Non-target research conducted in Australia provides information on the susceptibility of horses, cattle, goats, chickens, dogs, and cats. All these species were less susceptible than rabbits. Daily doses of pindone, ranging from 0.3 to 2.5 mg/kg, were administered for 5 days. No mortalities occurred and susceptibility was assessed by using extension of prothrombin time as a biomarker of poisoning. In this study, cattle and cats appeared most susceptible out of the six species tested, and horses least susceptible to pindone toxicity (Martin et al. 1991). Nevertheless, the rabbit remains outstanding as the most susceptible mammalian species evaluated to date.
Table 21. Acute oral toxicity (LD50mg/kg) of pindone (Beauregard et al. 1955; Oliver & Wheeler 1978; Hone & Mulligan 1982; Eason & Jolly 1993).
There are no published aquatic toxicity data for pindone.
2.6.5 Diagnosis and treatment of poisoning
As for brodificoum, see Section 2.1.5 (pp. 57–60).
2.6.6 Non-target effects
No systematic studies have been conducted to monitor the non-target impact of baits. During 1992–94 the aerial application of pindone baits to control rabbits increased.

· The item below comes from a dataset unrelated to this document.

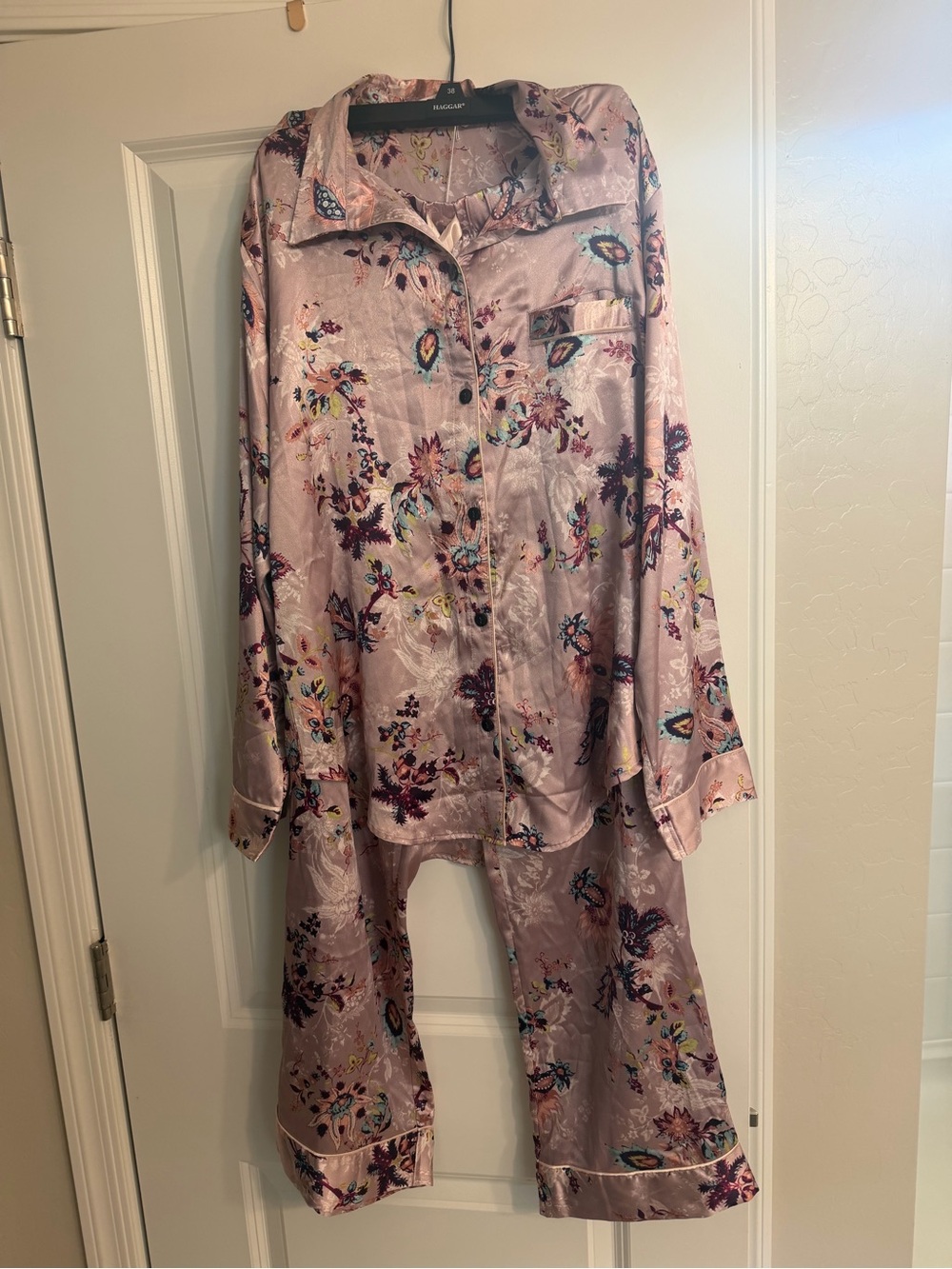 Victoria's Secret Mauve Pink Satin Floral Pajama Top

There have been numerous anecdotal reports (E.B. Spurr, pers. comm.) of extensive bird kills from both primary and secondary poisoning following broad-scale rabbit control in New Zealand, but no monitoring to determine whether or not populations are being affected. Birds found killed included plovers, quails, rails, wrybills, silvereyes, grey warblers, black-back gulls, and Australian harriers (Sullivan 1994). Even less is known about the effects of pindone on invertebrates and reptiles.
In Australia similar rabbit poisoning operations have caused concern with wedge-tailed eagles, noted to be a species at risk. Doses as low as 1–4 mg/kg/day for 5–7 days have caused deaths in this species (D. King pers. comm.).
No licence required
Not as potent as second-generation anticoagulants or non-anticoagulant poisons such as 1080, cholecalciferol, or cyanide
Pindone is a synthetic pesticide that was first synthesised in 1937. Its insecticidal and rodenticidal properties were demonstrated in the 1940s.

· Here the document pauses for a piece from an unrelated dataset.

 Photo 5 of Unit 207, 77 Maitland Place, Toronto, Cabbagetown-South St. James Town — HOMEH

Pindone is not readily water soluble, but the sodium salt of pindone (pival) is readily water soluble and is sometimes used in New Zealand instead of pindone.
Pindone is a first-generation anticoagulant with low potency compared to compounds like brodifacoum, a second-generation anticoagulant.
Pindone is moderately toxic to a range of species. Rabbits are extremely susceptible; by contrast sheep, possums, and horses are comparatively resistant. There are anecdotal reports that raptors are particularly susceptible to secondary poisoning.
Pindone is far more effective for rabbit control than it is for possums.
Pindone is moderately persistent; far more persistent in animals than 1080, but considerably less persistent than brodifacoum.
The toxicity and non-target impacts of pindone are poorly documented.